In 1969, the first message was successfully sent over the ARPANET, the predecessor to the internet. Four and a half decades later, the internet has developed into one of the greatest advances in human history, freeing up human capital wasted on actual labor and diverting it to fantasy football leagues and cat videos.
Before the internet came into our lives, U.S. husbands and wives would often quarrel, holding back American scientific progress that allowed the Russians to launch space satellites before us. Here is actual, post-dinner dialogue captured on a reel-to-reel tape recorder in 1954:
WIFE: Put away the Franco-American spaghetti leftovers, would you sweetie?
HUSBAND: Sure, hon. Let me just get a convenient plastic food storage container out of the pantry here.
WIFE: Don’t forget the lid!
HUSBAND: You and your joshing!
[SOUND OF CRASH]
HUSBAND: Dad blast it! Why are our food storage containers and lids always in such an uproar!
WIFE: I wish somebody would hurry up and invent the internet!
The internet allows scientists and intellectuals to share news of developments without having to attend boring conferences with cash bars and listen to white papers with titles like Threat or Menace: Is America’s Love Affair With Plastic Food Storage Receptacles Endangering Our Standard of Living? With the internet at their fingertips, food storage scientists can now log onto http://www.wikihow.com/, search the index for “How to Organize Empty Food Storage Containers and Lids”, and enter a magical world where ideas are exchanged freely and openly, as if by telepathy, generating new and exciting concepts in food-storage-container-and-lid-technology twenty-four hours a day, seven days a week.
An eleven-member team of food storage receptacle scientists and engineers, generously donating their apparently ample time, has posted a ten-point food storage container organization protocol at this “wiki” website. “Wiki” refers to software that allows multiple users to collaboratively create, edit, link and organize content on a website. The term “wiki” is a reduplication of the Hawaiian word for “goof off.”

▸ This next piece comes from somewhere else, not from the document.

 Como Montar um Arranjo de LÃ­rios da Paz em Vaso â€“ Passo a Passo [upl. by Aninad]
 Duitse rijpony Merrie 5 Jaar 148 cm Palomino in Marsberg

While users are cautioned that the protocol has not yet been peer-reviewed by independent specialists in the field, it appears to represent a breakthrough in container-organization comparable to the realization during the Italian Renaissance that it is easier to fit small containers inside large ones than vice versa, a discovery that helped bring the Dark Ages to an end.
That historical breakthrough forms part of the canon of modern plastic food container thought, and appears as principle no. 6 in the new world-wide web protocol on food storage container organization, as follows:
6. Nest and stack. For the containers, nest them in stacks that are as tall as your space. Start with the largest on the bottom and work upwards to the smallest.

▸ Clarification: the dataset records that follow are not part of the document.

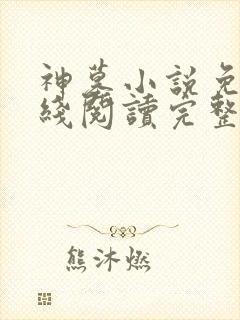 神墓小说免费在线阅读完整版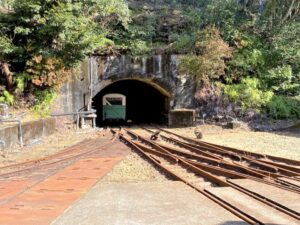 鉱山トロッコ電車
（入鹿温泉瀞流荘駅）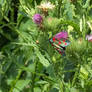 A Rare Black-and-Red Butterfly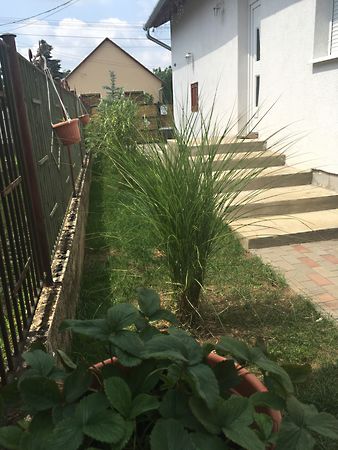 Eladó ház Debrecen, Biharikert 4. kép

Note the citation of an important ancillary principle of food storage container organization: stacks should only be as tall as the space you have to put them in. If you stack them any higher, you risk breaking through the ceiling into an upstairs bathroom!
I don’t know about you, but that’s the kind of trenchant, insightful, hard-hitting plastic container news I’m looking for when I log on to the internet in the office every morning.
Right after I watch a few cat videos.